* [TASK DETAILS]: I'd like the line containing "this 1000×667 image." and each line that follows, through the last line of the material, set down exactly as they are, and no others.

* [GIVEN DATA]:
---

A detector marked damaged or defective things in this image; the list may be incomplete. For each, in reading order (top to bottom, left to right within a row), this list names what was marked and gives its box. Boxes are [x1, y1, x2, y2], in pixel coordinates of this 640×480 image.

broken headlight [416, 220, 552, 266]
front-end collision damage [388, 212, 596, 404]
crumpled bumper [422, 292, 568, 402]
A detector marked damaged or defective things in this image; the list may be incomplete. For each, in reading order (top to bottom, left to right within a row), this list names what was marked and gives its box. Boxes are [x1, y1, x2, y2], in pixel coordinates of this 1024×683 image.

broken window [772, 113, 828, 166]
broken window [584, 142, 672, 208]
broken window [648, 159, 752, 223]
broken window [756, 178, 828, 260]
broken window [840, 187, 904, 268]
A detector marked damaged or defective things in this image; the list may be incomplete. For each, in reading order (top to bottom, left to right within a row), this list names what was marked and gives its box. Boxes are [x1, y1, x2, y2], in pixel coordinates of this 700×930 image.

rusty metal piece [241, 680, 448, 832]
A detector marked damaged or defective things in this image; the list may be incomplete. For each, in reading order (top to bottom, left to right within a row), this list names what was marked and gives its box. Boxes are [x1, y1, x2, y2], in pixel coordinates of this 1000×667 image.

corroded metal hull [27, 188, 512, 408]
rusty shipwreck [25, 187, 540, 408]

---

* [WRITTEN RESPONSE]:
A detector marked damaged or defective things in this image; the list may be incomplete. For each, in reading order (top to bottom, left to right within a row), this list names what was marked and gives its box. Boxes are [x1, y1, x2, y2], in pixel coordinates of this 1000×667 image.

corroded metal hull [27, 188, 512, 408]
rusty shipwreck [25, 187, 540, 408]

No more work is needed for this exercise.